‘Sheriff’s First’ Bill Shot Down

By Beacon Staff

A controversial bill that would have made Montana sheriffs the supreme law enforcement authority in their counties died a quiet death last week, but not before legislators earnestly debated its constitutionality and feasibility. Though all Democrats on the GOP-controlled Senate Judiciary Committee opposed the bill, a handful of Republicans opposed the bill also, deeming it unconstitutional.

“The United States Constitution in my mind requires me to vote this way. I know the people on the other side of the issue are very passionate,” Sen. Jim Shockley, R-Victor and a potential candidate for attorney general, said. “And I just feel I have to do what I believe the Constitution requires.”

The so-called “Sheriff’s First Act,” proposed by Sen. Greg Hinkle, R-Thompson Falls, would have required federal agents to obtain written permission from a sheriff before making an arrest or conducting a search or seizure. The bill would have also required county attorneys to prosecute federal agents who failed to get that permission.

Under the 10th Amendment of the U.S. Constitution, the bill would have also declared invalid any federal effort to give federal agents the authority of the sheriff.

The bill was backed by the Montana Shooting Sports Association, and during testimony a string of supporters lined up to say such legislation was necessary in the face of an oppressive federal government. The bill was opposed, however, by law enforcement officials, many of whom said the measure was unnecessary and could hinder interagency cooperation. Only one sheriff, Tom Rummell of Sanders County, spoke in support of the bill.

Shortly before voting on the legislation, lawmakers on either side of the issue said they were subject to vaguely threatening phone calls and e-mails, with Hinkle implying some local law enforcement officials failed to speak up in support of the bill out of fear of “retaliation” from federal agencies.

“This thing’s actually kind of grown into something far bigger than what I originally anticipated where it would get. Here the other day I was told that there was a rumor flying around that some of the sheriffs are in fear of retaliation by agencies over any support of this bill so they were reluctant to do so,” Hinkle said. “And I have been told by some that there might be some that would deal with me in that area.”

Sen. Cliff Larsen, D-Missoula, said as an opponent of the bill he too was subjected to “veiled threats” from its supporters.
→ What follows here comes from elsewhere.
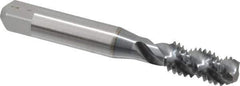 Accupro - 3/8-16 UNC 3 Flute 3B Modified Bottoming Spiral Flute Tap - Powdered Metal, TiCN Finish, 2-15/16" OAL, Right Hand Flute, Right Hand Thread, H3 - Eagle Tool & Supply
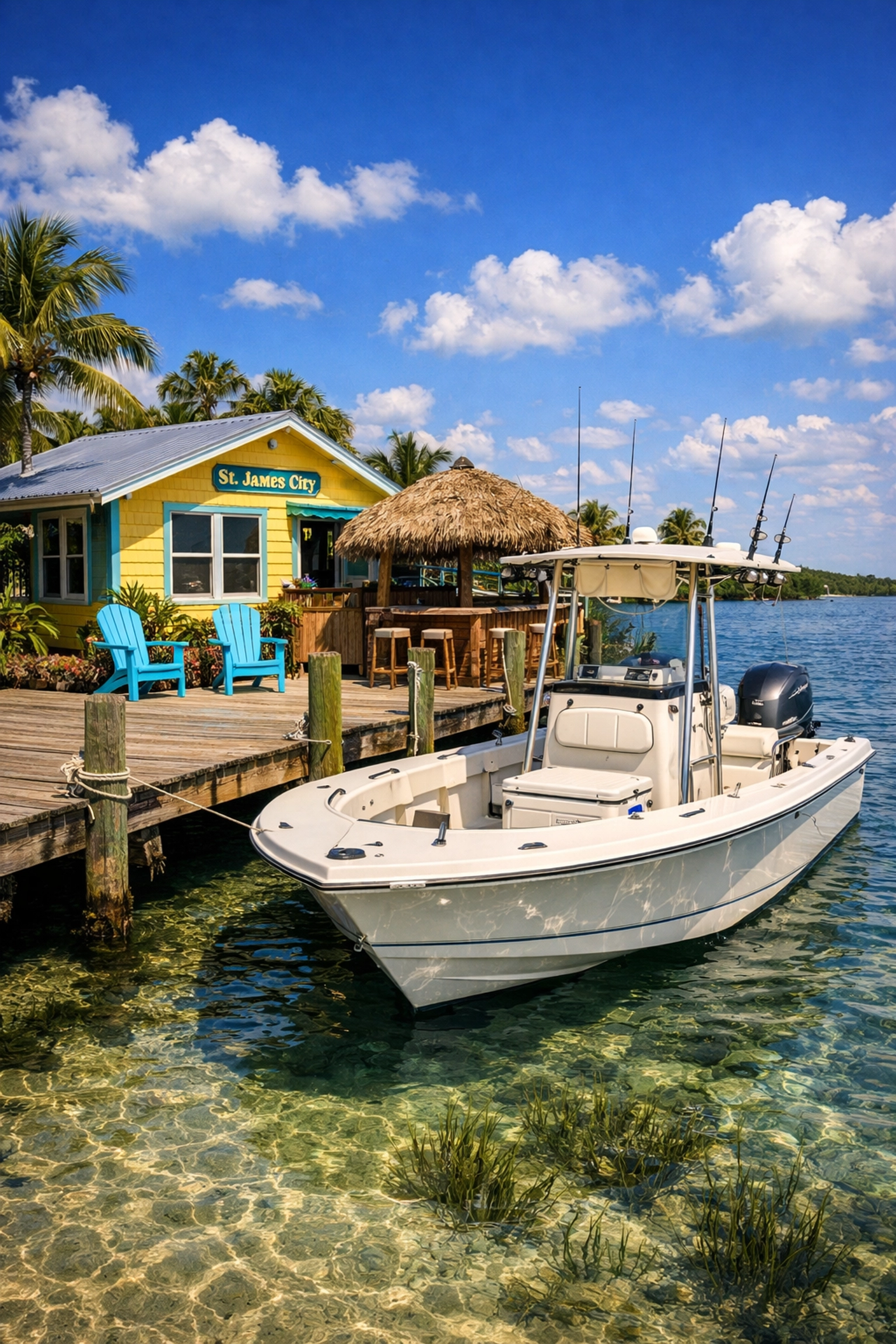 A fishing boat docked at an Old Florida cottage in St. James City, Pine Island with a tiki hut.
“But a couple of the messages were in the vein that Sen. Hinkle mentioned, about sort of threatening, like this sense of retribution, like, ‘You better pay attention to this,’” Larsen said. “I found it really odious that people would bombard me with these messages two or three or four or five times, and also in the context of that, kind of veiled threats.”

Shockley, a former federal prosecutor, argued that the legislation was forbidden under the U.S. Constitution.

“The situation we would have here is a federal judge would issue a warrant, and that warrant could be vetoed, in effect, by a sheriff,” Shockley said. “I just don’t think the law goes there.”

Chairman Terry Murphy, R-Cardwell, however, argued that the Supremacy clause of the U.S. Constitution has been misconstrued, as was proven by the successful 1997 challenge by then-Ravalli County Sheriff Jay Printz over certain gun control regulations.

“The stories we get told about the Supremacy clause, I think are very mistaken, because it’s clearly been proven, in more than one case, and the one we all know about, with Sheriff Printz in Ravalli County, that when the federal government passes a statute that violates either the 9th or 10th amendment it is not supreme to anything,” Murphy said. “They like to hide behind that thing, that the states have no powers that the federal bureaucracy doesn’t like, but in fact we do.”

The bill failed with all Democrats, Shockley and Senate President Jim Peterson, R-Buffalo, opposing it.

Here in Northwest Montana, local sheriffs interviewed said they opposed the Sheriff’s First act.

“I certainly understand the issues that lead to bills like this being drafted,” Flathead County Sheriff Chuck Curry said. “I don’t feel, at least here in Flathead County, that we have an issue that would warrant an extreme measure as this.”

“We have a very good relationship with the law enforcement agencies that operate here,” Curry added. “That may not be true everywhere else.”

Lincoln County Sheriff Roby Bowe agreed.

“We have a good working relationship with the federal government,” Bowe said. “I think it would just complicate things.”